I just watch, the early summer blooms distract us all, a million delicate yellows. Beauty is a construct we assume we own, alone. Surely animals cannot hope for this gift of knowledge. Yet these warblers are frolicking in the yellow mist of blooms, in a sort of ecstacy. Back and forth they nip the blossoms until they fall. Then one bird catches and seems to throw it to his mate. It seems to be a game, sacred even. They are playing. My thoughts awaken from their meditation and the birds fly away. These green desert warblers came to play and they welcomed me, giving me their blessing.

Hiking down the mountain I take my time, in reflection. I startle a brood of quail, maybe 8 or 10 chicks no bigger than Woodstock. I stop to note their discipline, lined up single file and double stepping into the broad shelter of an Ironwood tree. No more than 2 or 3 chicks will survive a month from now, but they are undaunted and focused on the moment. Survival will come on its own terms.

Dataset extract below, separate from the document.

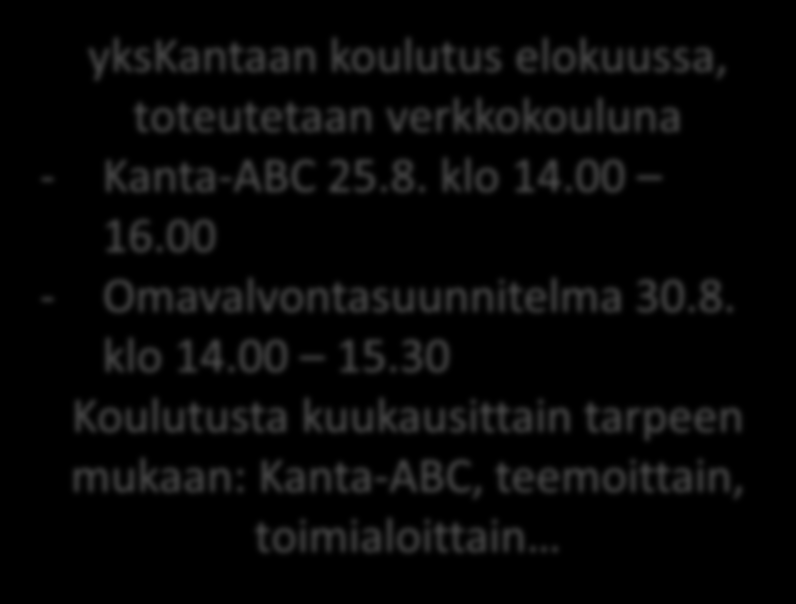 Esimerkki koulutuksesta - Kanta-palvelujen käyttöönoton prosessin läpikäynti ykskantaan koulutus elokuussa, toteutetaan verkkokouluna - Kanta-ABC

A secret breeze cooled me with my own perspiration before it could touch my shirt. Days like this, I do not want to shower again for fear something will be lost of our Sonora. The dry desert afternoon is coming into heat and has brought me alive with its embrace. As the ram had a message of my father, all creation has a message of the Father. Listen. Our nature is in the Nature, there for us to find. First we seek, we choose the relationship we wish to have with our wild. We can tune our minds to the infinite and the impossible of Nature. We can listen to the animals, the plants, even the Nature that holds our nature.

We can Listen. We can Love. We can love Nature especially. To her we can offer what She is due. In cherishing, embracing all Creation we love Love itself.

Talking with the animals, the plants, the Nature that holds our nature, we feel beauty, implicitly accepting Nature’s gift of life. Listen and feel the coyote’s gaze, the hummingbird’s touch, even the joy of the warblers.  Healing.


We could listen and should we start now, not waiting another second?